Also, ChatGPT has so far existed for about as long as I spent on my (paid) year in industry that formed part of my degree. It wasn't called an internship, but it basically was. In that time, the models have grown and improved significantly, suggesting (but not proving, because induction doesn't do that) that they will continue to grow and improve.
it is impossible to divorce AI from spam. the two go hand in hand. the spam situation will get far far worse than ever imagined with AI. The web will be increasingly clogged with AI-generated content (e.g. videos and articles ) that can do a reasonably good job impersonating human-generated content to the undiscriminating reader. Same for AI-produced research papers, plagiarism, etc. AI-generated content can still be identified, but that is not the point. It has to only be good enough to pass muster for the average person or anyone who is not paying close attention.

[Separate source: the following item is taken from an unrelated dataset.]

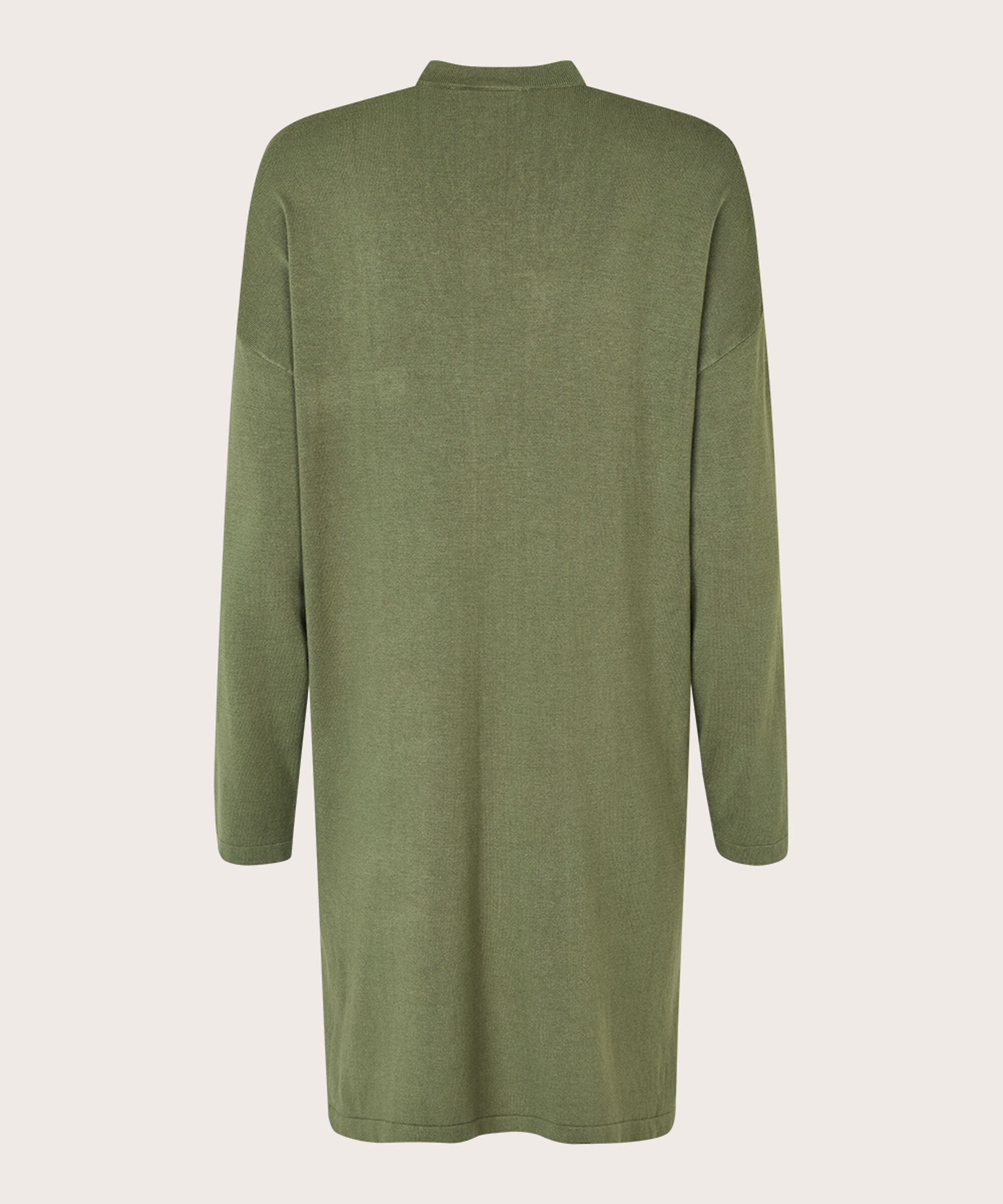 Lon Cardigan, D. Lichen Green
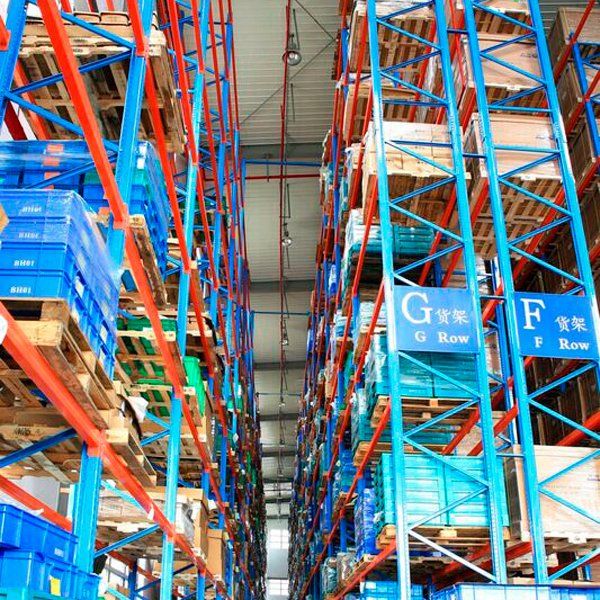 Un gran almacén lleno de estanterías y cajas.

One area that's getting close to hitting the mainstream is AI agents that control web browsers or desktop apps. Basically, you tell your AI what you want to do, and it does the computer work for you, showing the results the way you like. You won't have to dig through tons of useless apps anymore. It'll search, sort, and create feeds for you. This is what scares advertisers the most - when we start saying, "Just talk to my AI." God knows I'd love an AI that can fill tax forms for me.
Operating on top of UI it is compatible with all devices, kind of like an android robot would fit well with all human spaces and tools. There is plenty of screen capture with narration to learn from. You can generate more training data by essentially giving free reign over a VM to an AI agent. Ask it to do office work. We can also collect this kind of data very easily.
> Basically, you tell your AI what you want to do, and it does the computer work for you, showing the results the way you like. You won't have to dig through tons of useless apps anymore. It'll search, sort, and create feeds for you. This is what scares advertisers the most
Not just advertisers. There isn't much point in creating any sort of fun content on the web if it never actually gets seen by human eyes, but instead is just regurgitated into a slurry.
Funny, I like to play a LLM game - copy paste a whole conversation thread into a LLM and ask "Write a 500 word article based on this material". The result is well grounded enjoyable "regurgitated slurry".
It's a match made in heaven - people's opinions debating stuff and LLMs ability to phrase that like professional written articles. Grounding and style.
I'm afraid in the future not even our social network posts will be directly read by other people. Everything will pass through an AI extractor-reformatter.
As an experiment, copy paste a few pages of comments into a LLM and see the quality of its outputs. I often grok a new angle or make a new connection after reading the AI text.
Here's a sample, what it understood from our thread: "The discussion touches on concerns around AI interfering with traditional content creation, advertising models, and how we discover and consume information online as AI language understanding and generation capabilities advance." Pretty spot on framing.
> Here's a sample, what it understood from our thread: "The discussion touches on concerns around AI interfering with traditional content creation, advertising models, and how we discover and consume information online as AI language understanding and generation capabilities advance." Pretty spot on framing.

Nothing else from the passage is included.